July 20th, 2012 by Brandon Baier


Michigan Engineering moves up in US News rankings


by Kate McAlpine
Science Writer & Web Content Specialist
College of Engineering
kmca@umich.edu

The U-M College of Engineering has maintained its edge on a national level according to the latest rankings from US News and World Report. Collectively, Michigan Engineering’s graduate programs come in at #8 overall, up from #9 last year.

Of the 11 specialties assessed, 10 College of Engineering graduate programs made the top 10. Seven programs retained their rankings from last year: notably, the Nuclear Engineering and Radiological Sciences (NERS) program held on to the top spot. The department’s strong reputation helps it continue to draw the best in the field. “In addition to our outstanding faculty, the quality of our students is very high,” said department chair Ronald Gilgenbach. “With strong support from gifts, federal funding and the College of Engineering, NERS has developed some of the finest experimental facilities in the world.”

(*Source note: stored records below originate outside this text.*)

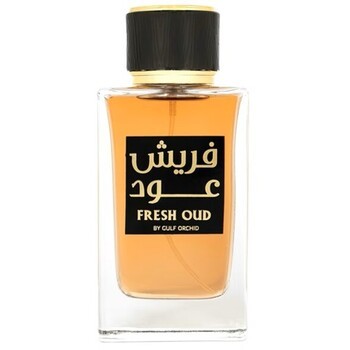 Fresh Oud EDP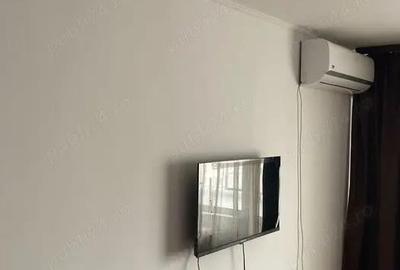 Garsoniera dristor-rompetrol-metrou 5 minute - 3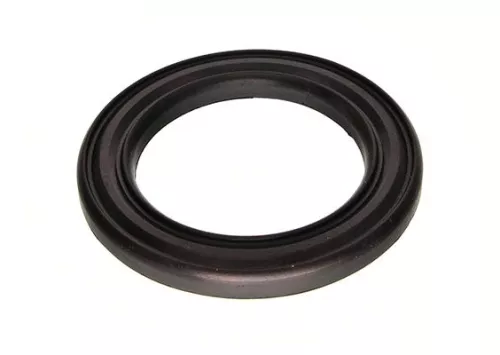 MAXGEAR Spring Seat (72-6467)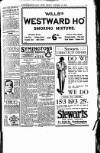 Northampton Chronicle and Echo Friday 14 January 1916 Page 7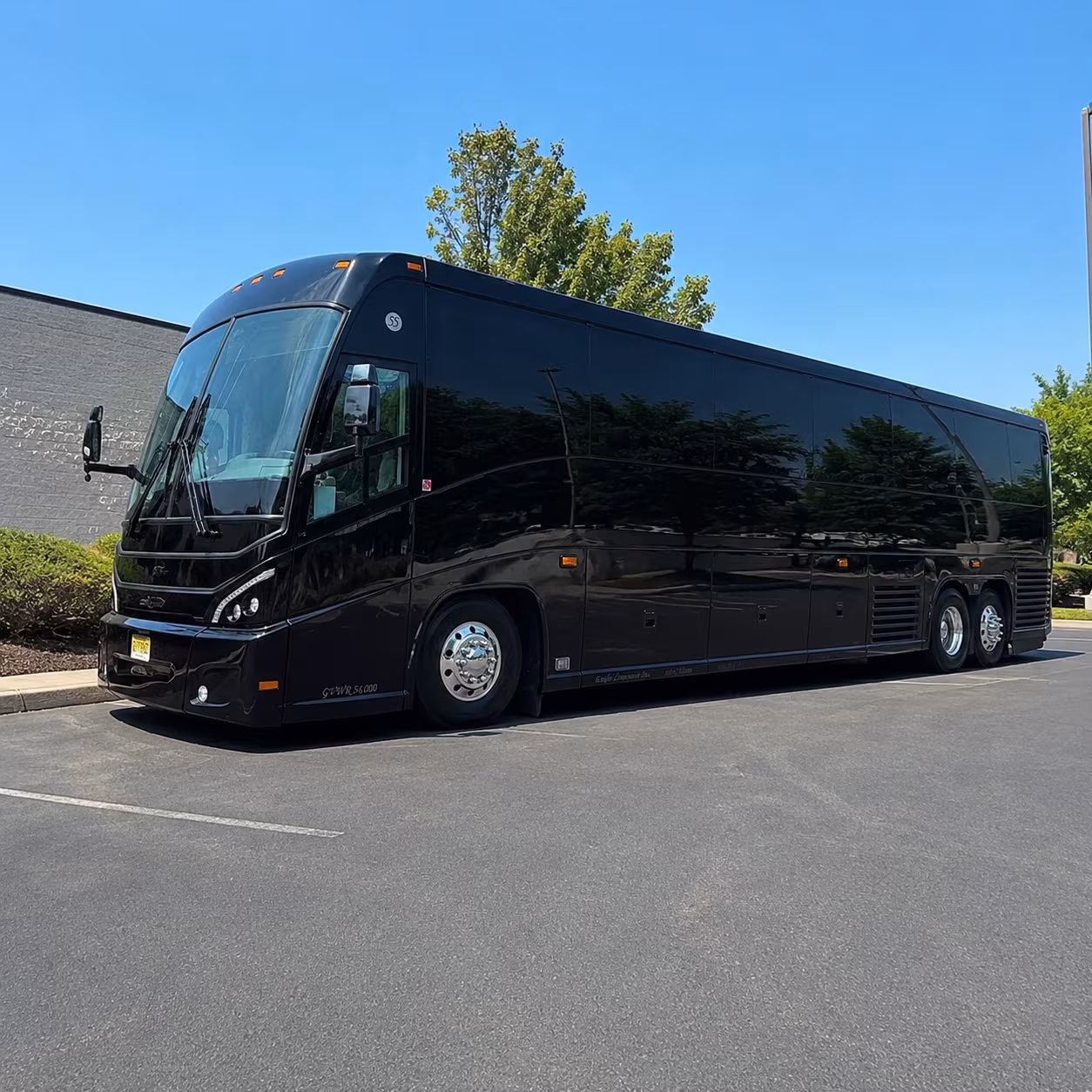 airport transportation for sports teams and large groups traveling through rhode island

Industrial and Operations Engineering remains at #2, with Aerospace and Mechanical Engineering coming in at #5, Electrical Engineering and Computer Sciences at #7, and Civil Engineering at #8. Materials Science and Engineering ranks #8 as well, while Environmental Engineering is up to #5 from #6.

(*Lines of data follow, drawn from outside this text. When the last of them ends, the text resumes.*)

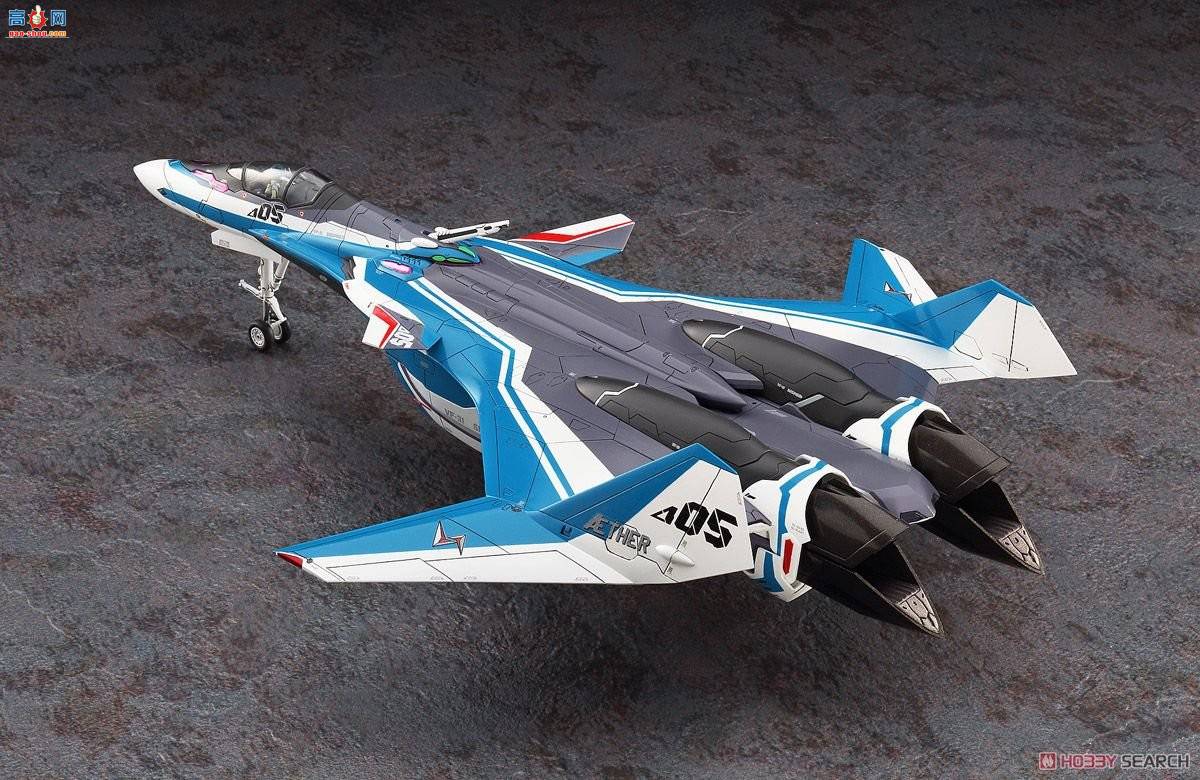 ȴ ʱҪ ս 65729 VF-31J'ʱզ`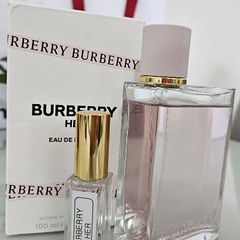 Miniatura Good Girl Blush Carolina Herrera, Perfume Feminino Carolina  Herrera Nunca Usado 89534296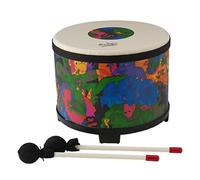 REMO 833835.0 Kid´s Percussion Floor Tom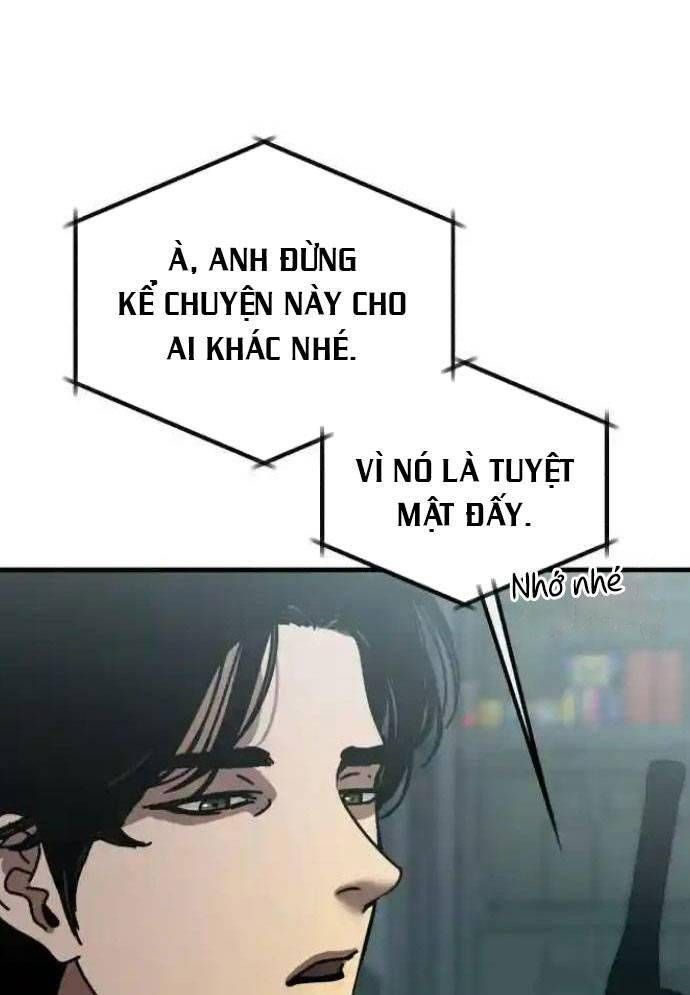 đọc truyện D-day: Hầm Trú Ẩn Chương 13 ảnh 85 tại Giả Dược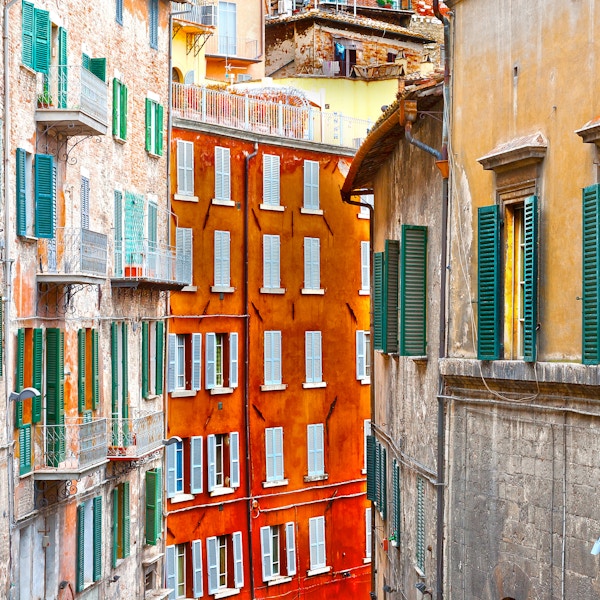 Istock 69745835 Italia Perugia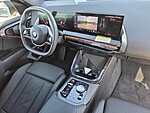 Used 2025 BMW X3 30 XDRIVE in JUPITER, FLORIDA (Photo 11)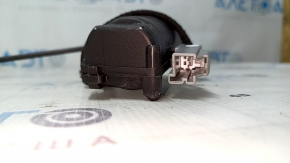 Volvo XC40 19-25 Electric Tailgate Lock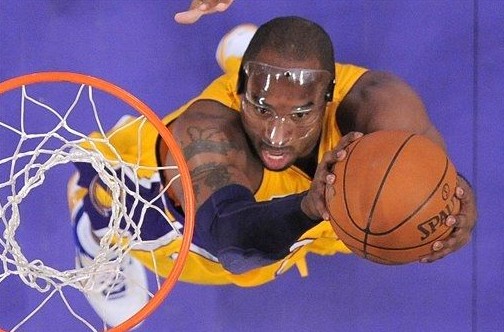 员的出路究 员的出路究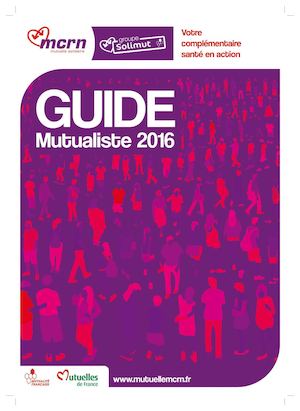 Bat Guide Et Statuts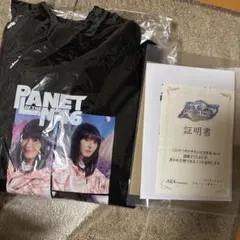 2026年最新】乃木フェス サインの人気アイテム - メルカリ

The most marked rise comes from Biomedical Engineering (BME), up from #12 to #7, and Professor Douglas C. Noll, department chair, said the department made a concerted effort to improve opportunities for graduate students. They attracted five “very talented” new faculty over the past four years, Noll said, “with several more faculty members starting in the coming year.”

In addition, he cited success in the department’s research programs, which brought in $20 million for the Coulter Translation Research Program. “Lastly, we have created an environment for great student successes. For example, student groups from our graduate innovation and design courses have successfully competed in national competitions, taking first place in the BME-IDEA competition last year,” said Noll.

“Once again it is wonderful to see the quality of our many graduate programs recognized, with nearly all ranked in the top ten and many in the top 5. This excellence across breadth is a hallmark of the University of Michigan,” said Robert J. Vlasic Dean of Engineering David Munson. “This year, I was especially pleased to see our Biomedical Engineering Program move up five spots in the rankings. BME will continue to grow in both size and stature, facilitated by our close partnership with the outstanding School of Medicine at the University of Michigan.”

While US News and World Report ranks U-M 28th among US universities, it maintains a strong global reputation, coming in at #12 in a survey of 17,554 academics around the world by the Times Higher Education. Many US universities saw their reputation rankings decrease this year, which the Times Higher Education connects with the budget cuts faced by most public institutions, but U-M is up from #13.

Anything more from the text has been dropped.